It does not start the way you imagine. The last breath is the first breath, the lungs stretched to their capacity, and yet too little air makes its way through. The breath hitched, strangers looking back to see you walking towards their backs, quick enough for your shins to stiffen, to forget you have a body long enough to make that last spring and catch the bus before it rushes off.
You sit up straight on the bus seat and avoid the white lady glares, but you’re sitting too straight and looking away with your neck in that crooked way, and you feel it shooting signals all the way down your back. Trading one avoidance for another.

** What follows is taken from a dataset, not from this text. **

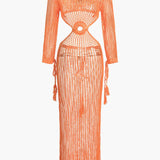 Kate | Boho-Strandkleid mit Cut-Outs – Perfekt für Sommer & Urlaub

The shame takes a backseat. When was the last time you had the luxury of forgetting about your body? (“Portrait Of A Body In Pause”)
A collection I only picked up recently is Montreal poet Eli Tareq El Bechelany-Lynch’s full-length debut, knot body (Montreal QC: Metatron Press, 2020), a title that was subsequently followed-up with their second collection,, The Good Arabs (Montreal QC: Metonymy Press, 2021). The epistolary prose poem collection knot body focuses on illness not as metaphor, but writing disability, including chronic and daily pain, expanding the possibility of what has been termed “disability poetics” (following work by Nicole Markotić, Roxanna Bennett, Shane Neilson and multiple others); a body that for merely existing is considered political. El Bechelany-Lynch writes of the many layers and levels of endurance, attempting to comprehend how one might safely and comfortably live within the body. “The pain hovers above an impossible memory.” one piece begins, early on the collection. Writing a pain endured, and even lived, one might suggest. The next piece offers: “I worry that in writing this, I am revealing too much.” Written through a kind of direct and even stark tenderness, the poems of knot body examine the possibilities of a body that exists with constant pain, attempting to negotiate the daily elements of living in a world and culture that perpetually denies their existence. There is something really striking in these prose poems, in the way that El Bechelany-Lynch writes as a way to articulate the self into, if not being, but into an acknowledgment and a belonging; writing themselves into existence that, until this point, perhaps had been pushed into invisibility by just about everyone else.
For some writers, the memoir is a space of control, a way to reveal the facts they want to reveal, to share their stories so others know they are not alone, to share their stories in the hope that they are not alone. I try to learn from other writers, and give small parts of me, dropped into a glaze of fiction, fired twice over until the reality of it all changes colour, a lilac purple into raw clay brown. Charles Baxter says poets don’t particular care about the study of character so I guess he’s never met a poet. Tommy Pico would rip him to shreds. Mix around some random details and turn myself into a character, so far away from me that I can convince both you and I that nothing bad has ever happened to me.